De Daniel de Sá a 2 de Março de 2008 às 00:53
Leonor, quando agradeci aos outros, ainda não estava cá a sua mensagem. Obrigado, querida amiga.


De Daniel de Sá a 1 de Março de 2008 às 01:27
Alfredo, é pena não dar para fado...
Mifá, bom coração, como sempre.
Quanto ao "amadorismos", não o parece lá muito.

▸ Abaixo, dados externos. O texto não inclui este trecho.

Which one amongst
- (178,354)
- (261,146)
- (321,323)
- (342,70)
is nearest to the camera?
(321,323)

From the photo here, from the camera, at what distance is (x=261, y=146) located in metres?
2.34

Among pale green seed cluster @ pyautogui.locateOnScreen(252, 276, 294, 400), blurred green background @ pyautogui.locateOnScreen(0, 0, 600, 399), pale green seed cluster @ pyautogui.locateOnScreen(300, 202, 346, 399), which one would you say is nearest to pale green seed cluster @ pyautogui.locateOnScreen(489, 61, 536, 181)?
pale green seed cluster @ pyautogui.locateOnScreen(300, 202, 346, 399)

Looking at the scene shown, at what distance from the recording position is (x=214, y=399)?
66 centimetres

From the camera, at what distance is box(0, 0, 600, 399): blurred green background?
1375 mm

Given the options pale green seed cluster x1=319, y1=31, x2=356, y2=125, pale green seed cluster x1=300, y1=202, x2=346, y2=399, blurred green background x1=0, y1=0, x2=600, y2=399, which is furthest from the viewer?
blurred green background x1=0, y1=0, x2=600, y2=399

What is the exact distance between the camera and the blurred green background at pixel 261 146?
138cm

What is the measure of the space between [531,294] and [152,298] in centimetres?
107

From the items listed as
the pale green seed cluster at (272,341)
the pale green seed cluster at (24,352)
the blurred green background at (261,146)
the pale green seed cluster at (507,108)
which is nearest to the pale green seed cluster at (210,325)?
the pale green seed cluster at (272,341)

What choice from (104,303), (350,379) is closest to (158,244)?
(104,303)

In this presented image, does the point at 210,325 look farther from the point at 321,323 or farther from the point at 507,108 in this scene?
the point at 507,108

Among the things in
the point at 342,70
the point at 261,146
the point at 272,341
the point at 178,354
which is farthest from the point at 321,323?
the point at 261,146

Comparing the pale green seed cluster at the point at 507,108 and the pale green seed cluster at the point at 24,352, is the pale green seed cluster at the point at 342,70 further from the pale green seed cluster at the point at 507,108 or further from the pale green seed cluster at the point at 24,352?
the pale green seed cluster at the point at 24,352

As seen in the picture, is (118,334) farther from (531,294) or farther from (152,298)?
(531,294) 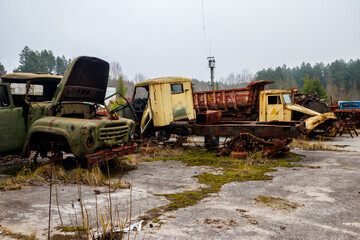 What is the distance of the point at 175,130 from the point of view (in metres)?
8.30

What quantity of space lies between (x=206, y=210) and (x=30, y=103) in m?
4.31

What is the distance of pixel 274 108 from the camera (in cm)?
1138

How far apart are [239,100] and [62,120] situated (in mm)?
9505

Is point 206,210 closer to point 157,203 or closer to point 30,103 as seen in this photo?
point 157,203

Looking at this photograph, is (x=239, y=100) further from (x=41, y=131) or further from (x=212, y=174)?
(x=41, y=131)

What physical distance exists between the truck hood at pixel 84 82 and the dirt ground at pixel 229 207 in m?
2.15

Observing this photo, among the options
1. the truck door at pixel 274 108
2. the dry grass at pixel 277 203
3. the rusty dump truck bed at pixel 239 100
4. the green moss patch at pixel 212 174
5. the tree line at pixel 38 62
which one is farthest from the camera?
the tree line at pixel 38 62

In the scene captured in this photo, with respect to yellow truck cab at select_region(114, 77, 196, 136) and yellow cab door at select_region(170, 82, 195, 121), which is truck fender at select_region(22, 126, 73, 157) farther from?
yellow cab door at select_region(170, 82, 195, 121)

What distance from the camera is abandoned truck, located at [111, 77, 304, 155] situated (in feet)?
Answer: 22.8

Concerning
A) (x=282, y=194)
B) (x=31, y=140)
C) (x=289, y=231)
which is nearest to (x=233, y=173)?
(x=282, y=194)

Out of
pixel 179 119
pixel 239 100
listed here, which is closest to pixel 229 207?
pixel 179 119

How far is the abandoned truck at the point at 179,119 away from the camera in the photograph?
6.95m

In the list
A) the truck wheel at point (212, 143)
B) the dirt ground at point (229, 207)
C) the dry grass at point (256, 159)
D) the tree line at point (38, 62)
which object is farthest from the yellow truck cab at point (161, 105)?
the tree line at point (38, 62)

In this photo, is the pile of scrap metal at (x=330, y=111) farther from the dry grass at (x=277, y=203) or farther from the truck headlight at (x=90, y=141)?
the truck headlight at (x=90, y=141)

O que escreveu foi mesmo a sério e com muita graça.
Obrigado.


De lenor a 1 de Março de 2008 às 00:08
Bonito, divertido e carinhoso. «dada a sorrir com carinho», como disse RVN.
lenor


De Amadorismos a 29 de Fevereiro de 2008 às 15:20
E há mais dois truquezinhos
Que conheço desde a escola
Se se me baralha o h
Que às vezes anda com o à
Peço ajuda a um estrangeiro
Que numa lingua diferente
Que não fala como a gente
Um there is ou il y a
Tira-me a dúvida do h,
Que o falar é diferente
Mas é verbo como cá.
O "mos" já está explicado,
Mas com o "se" o que fazer,
Que há quem ponha tracinho
Onde é verbo e não pronome,
Quando afinal é tão fácil
Também esta resolver,
Se se souber dizer não
Como nos manda a razão,
Que ser sempre positivo
Não é o mais avisado.
Ter-se dúvidas é o caminho
Não se ter pode dar asneira,
Que o traço só fica lá
Se não saltar para cá
A terminação matreira.
Escrever-se bem não é fácil
Mas não se escrever é desleixo,
Se não se nasce ensinado
Não é triste o nosso fado,
E não sirva de pretexto,
Que soubesse-se sempre tudo
Que não se sabia nada.
Ensinasse-se sempre assim,
A brincar e a cantar,
Que não se via tanta gente,
A perder-se no meio das letras,
Sem se saber encontrar!




deixa o diabo entrar
e estragar o ditado


De mifá a 29 de Fevereiro de 2008 às 13:26
Ó Daniel, cuidado, se não ainda vão obrigar os professores a leccionar a matéria em verso!
Com as exigências que por aí vão...

(Excelente. Como sempre.)

Abraço.


De Alfredo Gago da Câmara a 29 de Fevereiro de 2008 às 03:13
Que bonito!!! Já não vinha ao blog há algum tempo, mas agora, que acabei de ouvir e gravar fado, soube-me tão bem ler isto que o Daniel escreveu. Alguem me saberá dizer porquê?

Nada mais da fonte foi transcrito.